Defining Entity Types

Within the independent and dependent entities are entity types:
• Core entities-- These are sometimes called primary or prime entities. They represent the important objects about which the enterprise in interested in keeping data.
• Code/reference/classification entities-These entities contain rows that define the set of values, or domain, for an attribute.
• Associative entities--These entities are used to resolve many-to-many relationships.
• Subtype entities-These entities come in two types, exclusive and inclusive.

Core Entity

Core entities are the most important objects about which an enterprise is interested in keeping data. They are often referred to as prime, principal, or primary entities. Because these entities are so important, it is likely that they are used elsewhere in the enterprise. Take the time to look for similar entities because there are many opportunities for the reuse of core entities. Core entities should be modeled consistently throughout the enterprise. Good modelers consider this an essential best practice.
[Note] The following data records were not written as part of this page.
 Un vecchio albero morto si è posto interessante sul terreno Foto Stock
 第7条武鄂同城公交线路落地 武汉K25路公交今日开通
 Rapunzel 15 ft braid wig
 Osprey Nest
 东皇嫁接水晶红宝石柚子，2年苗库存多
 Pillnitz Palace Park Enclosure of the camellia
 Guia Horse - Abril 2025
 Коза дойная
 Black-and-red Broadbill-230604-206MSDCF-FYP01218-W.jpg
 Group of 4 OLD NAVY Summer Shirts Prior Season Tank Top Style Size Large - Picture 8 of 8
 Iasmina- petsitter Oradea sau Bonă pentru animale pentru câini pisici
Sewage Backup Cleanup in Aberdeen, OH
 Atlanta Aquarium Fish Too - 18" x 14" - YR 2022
Note the straight corners of the independent entities, STORE and ICE CREAM and the rounded corners of the dependent entity STORE ICE CREAM.

A core entity can be an independent entity or a depenent entity. Figure 2.1 provides examples of core entities for an enterprie that sells ice cream. ICE CREAM represents the base products sold by the enterprise. STORE is an example of a distribution channel, or the vehicle through which a product is sold.

Consider that the enterprise is doing well and has decided to add another STORE. The model requires no change to support the addittion of a new instance of STORE. It is simpy another row added to the STORE entity. The same applies to ICE CREAM.

Notice the core entities ICE CREAM and STORE. Although the example may seem straight forward, it illustrates a powerful concept regarding the modeling of core entities.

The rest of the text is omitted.